Also a photo of the back view of the new display, ie : the last image in your group.

E
 

jpanhalt

Joined Jan 18, 2008
10,515
You can drive the backlight with a separate supply temporarily. All you need to know is the voltage (usually 3.3 V or 5 V). Once you do that, find our how much current takes. If the present supply cannot meet that current, then a small adapter can be made. However, the fuse could blow for other reasons, such as a misconnection to the four pads.
 

ericgibbs

Joined Jan 29, 2010
11,122
hi hide,
The datasheet states pin 15 is the LED anode and pin 16 is the cathode.
Try a 47 ohm resistor in series with the Anode white wire.
Lets know what you see.
E
 

Thread Starter

hide24

Joined Jul 9, 2019
73
Thanks Jpanhalt!
What do you mean by separate supply temporarily? Could you show me a pic please?

Thank you EricGibbs!
Tomorrow I will buy the diode and see if it works!

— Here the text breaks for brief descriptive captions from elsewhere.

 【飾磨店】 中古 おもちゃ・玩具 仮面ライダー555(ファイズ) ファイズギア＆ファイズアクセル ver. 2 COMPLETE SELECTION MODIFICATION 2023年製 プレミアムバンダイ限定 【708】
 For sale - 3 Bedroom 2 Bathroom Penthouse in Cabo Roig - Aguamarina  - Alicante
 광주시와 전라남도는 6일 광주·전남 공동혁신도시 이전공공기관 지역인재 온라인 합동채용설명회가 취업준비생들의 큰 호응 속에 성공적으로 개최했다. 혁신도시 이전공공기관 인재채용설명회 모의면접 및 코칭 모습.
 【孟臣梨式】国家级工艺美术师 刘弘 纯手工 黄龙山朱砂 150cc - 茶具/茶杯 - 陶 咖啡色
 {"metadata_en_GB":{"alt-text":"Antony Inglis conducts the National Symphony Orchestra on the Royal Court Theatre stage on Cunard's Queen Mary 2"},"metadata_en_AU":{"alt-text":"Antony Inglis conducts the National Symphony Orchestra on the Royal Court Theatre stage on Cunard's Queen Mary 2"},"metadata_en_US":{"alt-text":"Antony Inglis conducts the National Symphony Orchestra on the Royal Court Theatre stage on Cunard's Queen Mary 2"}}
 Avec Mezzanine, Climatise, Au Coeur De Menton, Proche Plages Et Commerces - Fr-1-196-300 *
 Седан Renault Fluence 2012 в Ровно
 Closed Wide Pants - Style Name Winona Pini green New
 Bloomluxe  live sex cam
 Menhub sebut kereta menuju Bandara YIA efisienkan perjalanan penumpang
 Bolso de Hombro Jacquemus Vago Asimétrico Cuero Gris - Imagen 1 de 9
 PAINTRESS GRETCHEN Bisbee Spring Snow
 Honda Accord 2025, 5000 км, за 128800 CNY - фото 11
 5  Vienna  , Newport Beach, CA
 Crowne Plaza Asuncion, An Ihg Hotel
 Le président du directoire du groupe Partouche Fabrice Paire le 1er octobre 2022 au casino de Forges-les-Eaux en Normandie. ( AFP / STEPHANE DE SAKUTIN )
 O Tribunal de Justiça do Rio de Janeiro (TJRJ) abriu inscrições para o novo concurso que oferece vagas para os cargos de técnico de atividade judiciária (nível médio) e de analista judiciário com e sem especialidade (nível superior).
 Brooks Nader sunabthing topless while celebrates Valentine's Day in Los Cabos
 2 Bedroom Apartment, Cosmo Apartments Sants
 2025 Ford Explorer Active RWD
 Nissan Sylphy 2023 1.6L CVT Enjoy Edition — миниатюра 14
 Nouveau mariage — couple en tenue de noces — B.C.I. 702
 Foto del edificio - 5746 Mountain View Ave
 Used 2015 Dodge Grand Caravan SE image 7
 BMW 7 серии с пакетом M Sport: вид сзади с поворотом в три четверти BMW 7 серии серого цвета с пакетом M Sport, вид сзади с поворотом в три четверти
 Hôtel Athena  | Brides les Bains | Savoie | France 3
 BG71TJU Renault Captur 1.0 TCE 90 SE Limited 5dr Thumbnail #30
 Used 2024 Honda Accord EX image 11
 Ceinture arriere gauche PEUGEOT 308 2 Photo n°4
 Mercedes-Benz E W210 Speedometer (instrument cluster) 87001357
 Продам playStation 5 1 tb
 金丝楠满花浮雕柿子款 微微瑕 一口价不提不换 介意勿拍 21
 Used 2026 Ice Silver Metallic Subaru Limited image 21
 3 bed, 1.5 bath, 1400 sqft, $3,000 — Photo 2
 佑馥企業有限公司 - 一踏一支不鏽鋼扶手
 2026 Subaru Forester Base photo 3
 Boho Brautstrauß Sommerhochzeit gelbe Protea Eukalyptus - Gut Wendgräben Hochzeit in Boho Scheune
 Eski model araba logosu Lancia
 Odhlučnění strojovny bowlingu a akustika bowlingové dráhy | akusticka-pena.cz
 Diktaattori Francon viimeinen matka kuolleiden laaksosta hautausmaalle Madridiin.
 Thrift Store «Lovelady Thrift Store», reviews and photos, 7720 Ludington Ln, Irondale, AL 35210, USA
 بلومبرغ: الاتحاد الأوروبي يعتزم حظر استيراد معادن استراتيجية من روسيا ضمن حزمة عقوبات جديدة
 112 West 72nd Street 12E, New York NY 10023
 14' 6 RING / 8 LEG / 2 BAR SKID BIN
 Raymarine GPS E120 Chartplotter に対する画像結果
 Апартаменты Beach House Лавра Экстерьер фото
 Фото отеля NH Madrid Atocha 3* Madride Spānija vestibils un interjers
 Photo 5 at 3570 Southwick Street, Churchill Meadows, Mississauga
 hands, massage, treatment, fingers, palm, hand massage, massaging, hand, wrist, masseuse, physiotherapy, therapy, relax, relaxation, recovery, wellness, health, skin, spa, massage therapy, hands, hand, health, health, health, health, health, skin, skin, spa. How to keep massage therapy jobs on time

The connections I did until now are correct?
Or usually that white cable should be connected in another place if the new display that I don't know? Which is the correct way?
 

jpanhalt

Joined Jan 18, 2008
10,515
1) Measure the voltage supplied by the cable. It will likely be 3.3 V or 5 V. Is there a brightness control on the device? If so, the voltage you read could seem to be anything. It will not read the peak voltages of a pulse (see #2).

2) My suggestion was to use another supply. For 3.3 V, 2 AA batteries in series will suffice. For 5 V, 3 AA batteries or 4 X 1.2 V batteries in series will work. Adding a 47 Ω resistor in series, as Eric suggested, would be good protection. It doesn't matter where the voltage comes from for the backlights. They are usually independent of the rest of the circuit. HOWEVER,it is likely the backlight power from the device's PCB is regulated in some way, e.g., a transistor that is pulsed (aka PWM) to control brightness. The added resistor will prevent burning out the backlights or drawing too much current from the display driver. One assumption is that the reason the backlights came on and then turned off is that they were drawing too much power. A separate supply will avoid ruining the board until you find out what they need in terms of power.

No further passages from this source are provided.